**ACTIVITY:** What should be copied is the stretch of entries below from the line with "The model is" up to and including the line with "Dylan Summers-Jones of", exactly and without images.

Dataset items
*-*-*
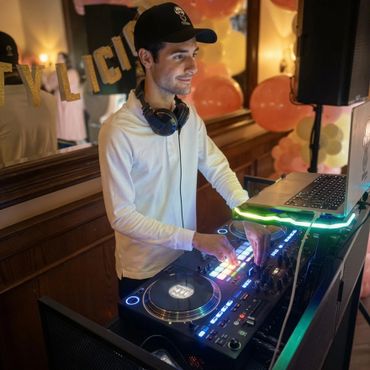 A DJ in a white shirt and cap mixes music at a decorated party venue.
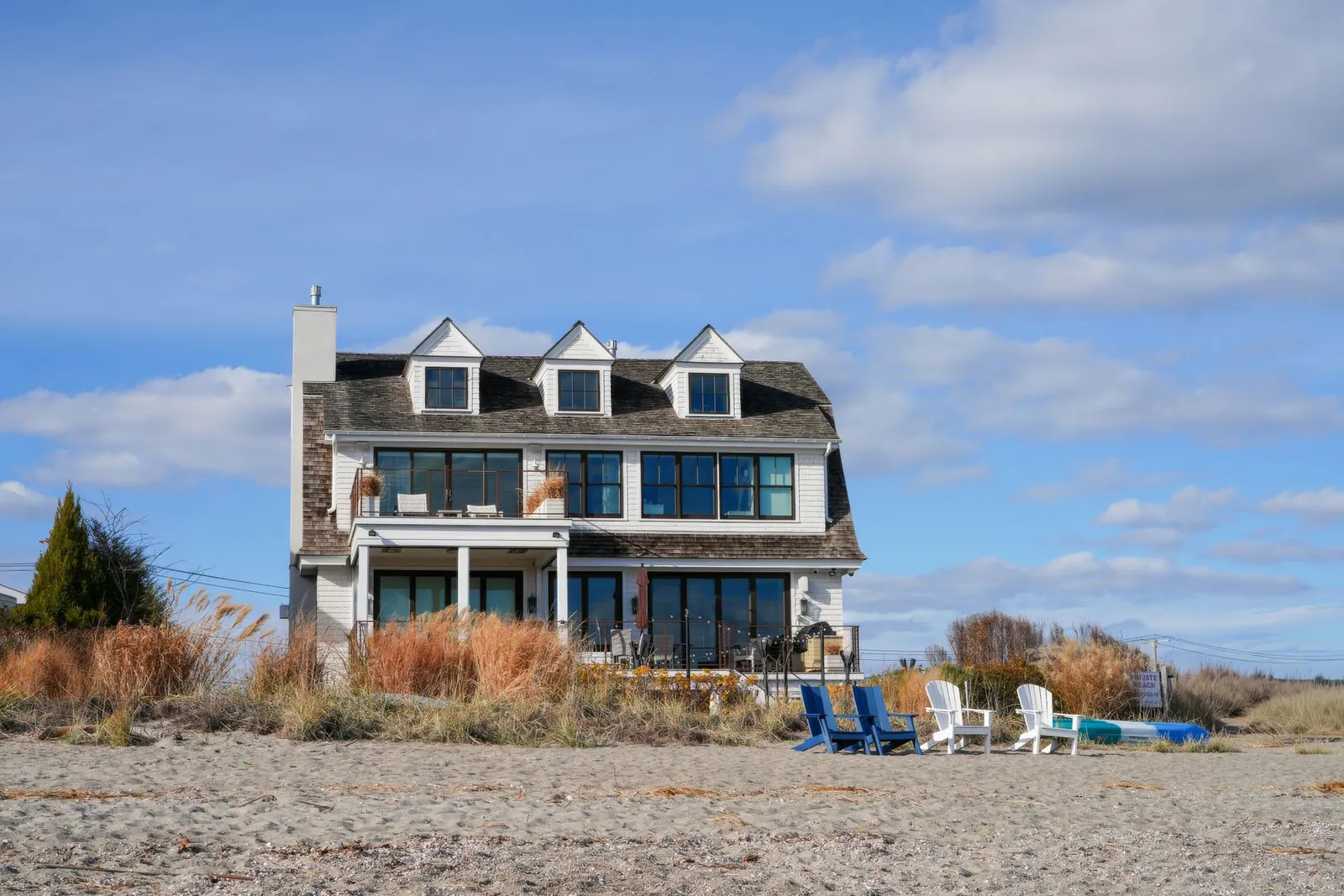 Gray shingle beach house with dormers and a chimney above sandy dunes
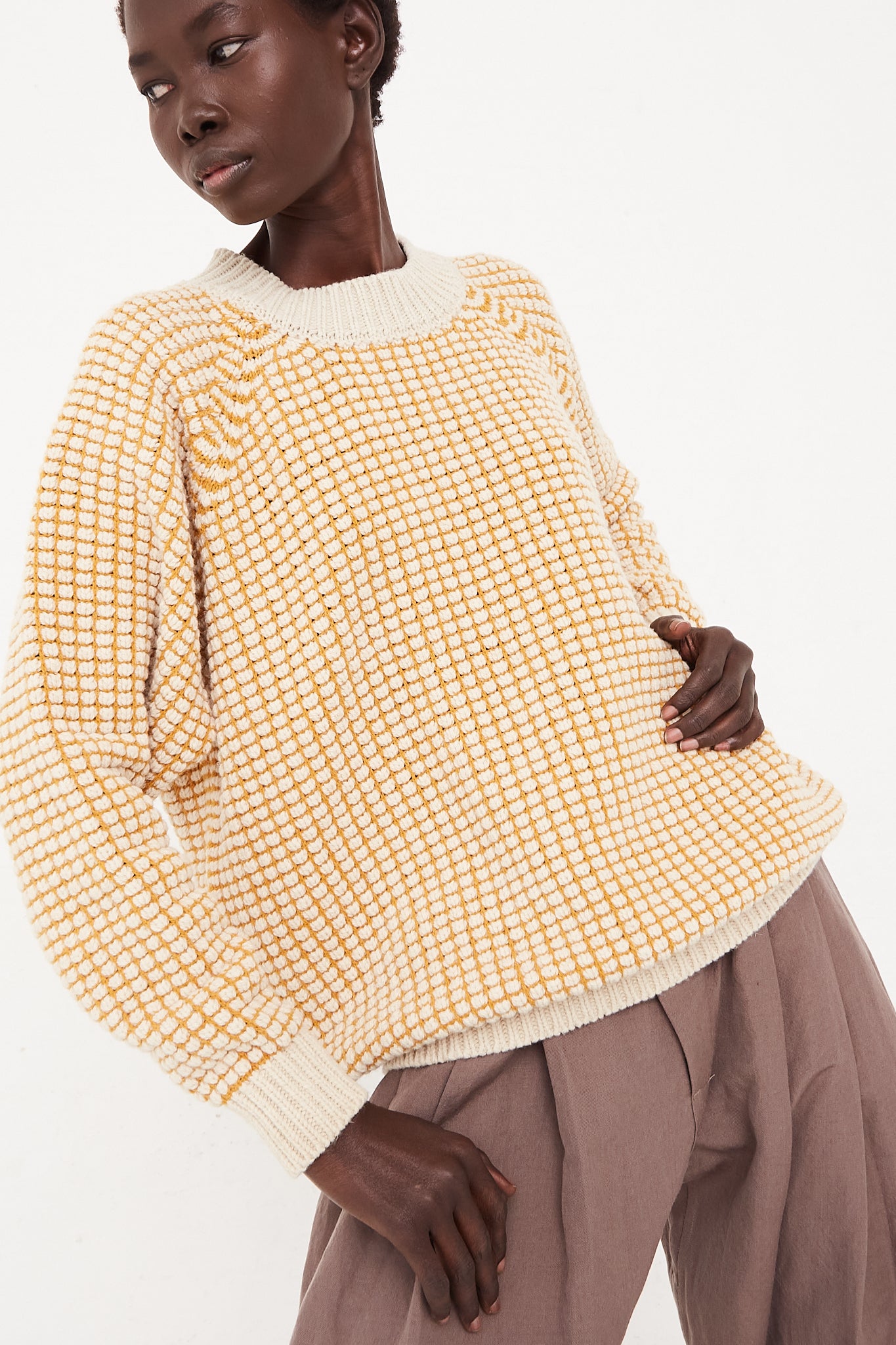 The model is wearing an oversized Lalin Crewneck Sweater in Natural Gold checkered made of merino wool by Jan-Jan Van Essche.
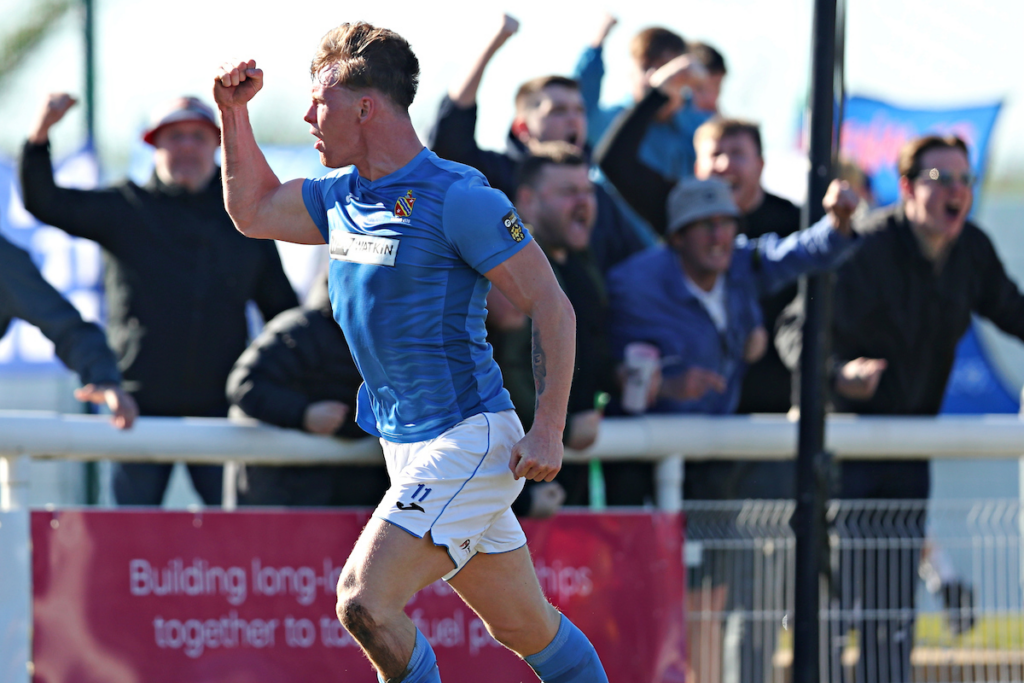 Dylan Summers-Jones of Bangor 1876 celebrates his goal during CPD Bangor 1876 vs CPD Penrhyncoch in Round 3 of the Welsh Blood Service League Cup at Nantporth Stadium, Bangor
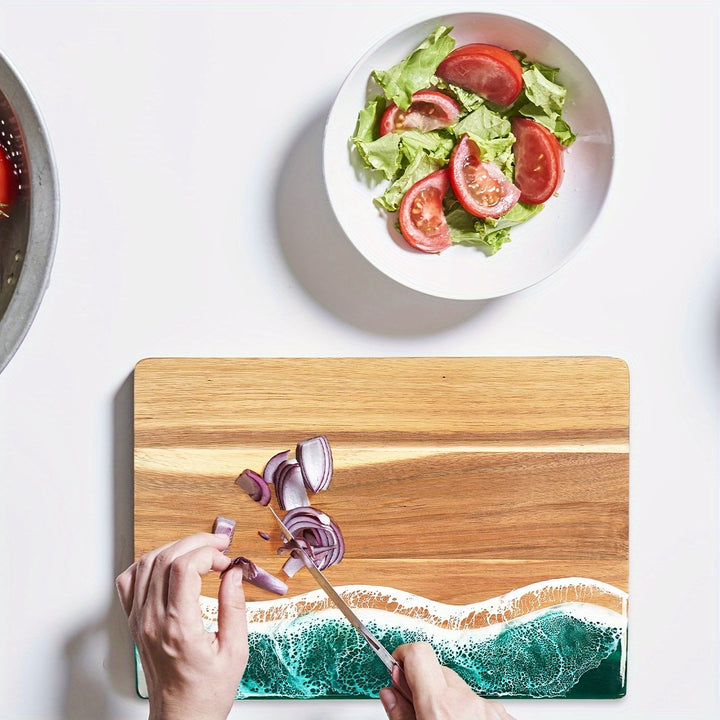 Acacia wood cutting board with a blue ocean resin wave design, chopping red onion.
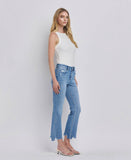 HIGH RISE UNEVEN RAW HEM KICK FLARE JEANS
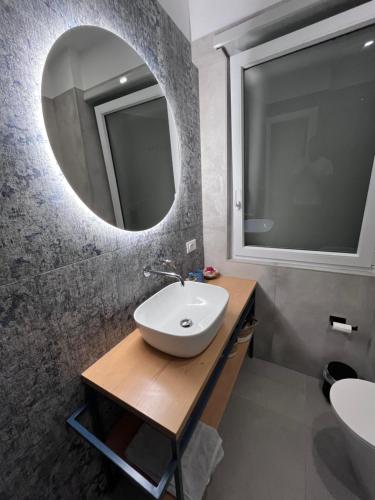 a bathroom with a sink and a mirror at Sole e Sale in Terracina
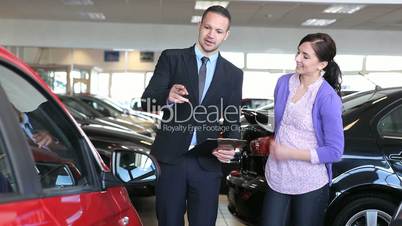 Businessman showing a car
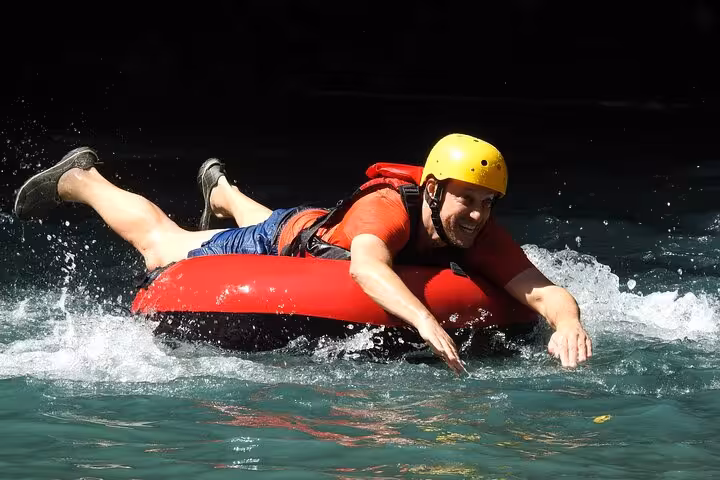 Man smiling while tubing down the vibrant waters of Rio Celeste on an adventure tour.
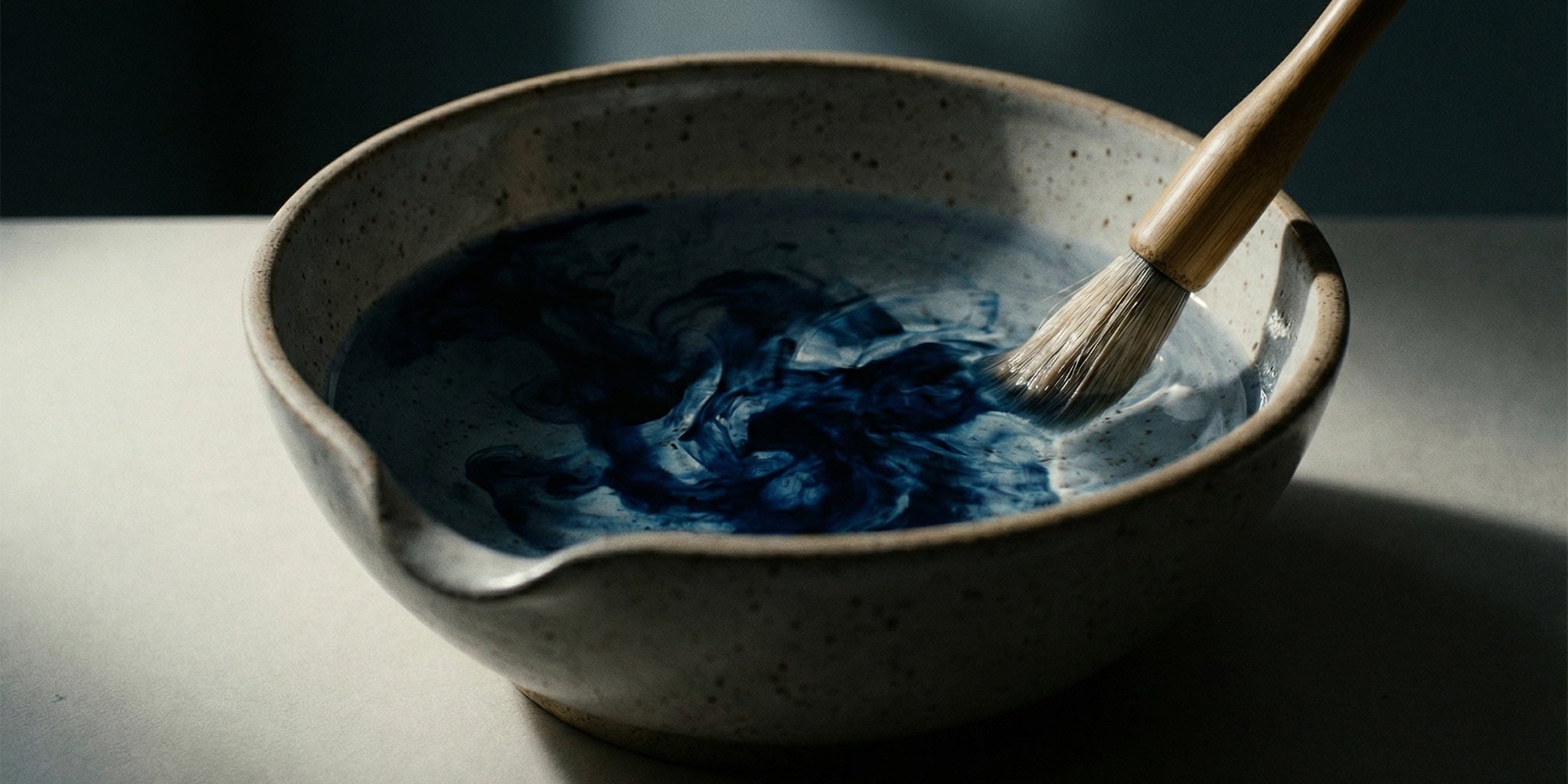 Blue pigment and a brush in a ceramic bowl.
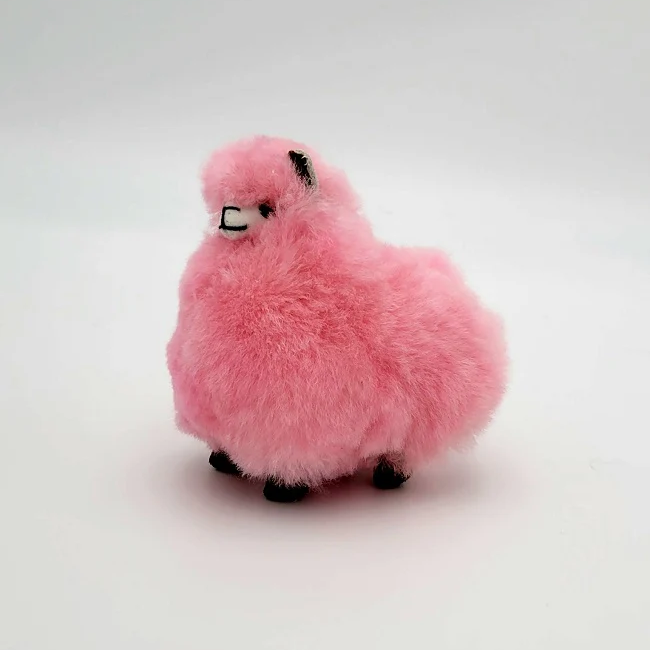 A plush pink alpaca keychain on a neutral background.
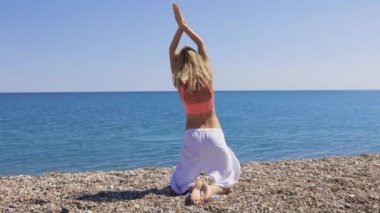 Sarışın kadın denize bakan çakıl taşı plajında yoga egzersizi yapıyor. Orta çekim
*-*-*
**TASK OUTPUT:**
 The model is wearing an oversized Lalin Crewneck Sweater in Natural Gold checkered made of merino wool by Jan-Jan Van Essche.
 Dylan Summers-Jones of Bangor 1876 celebrates his goal during CPD Bangor 1876 vs CPD Penrhyncoch in Round 3 of the Welsh Blood Service League Cup at Nantporth Stadium, Bangor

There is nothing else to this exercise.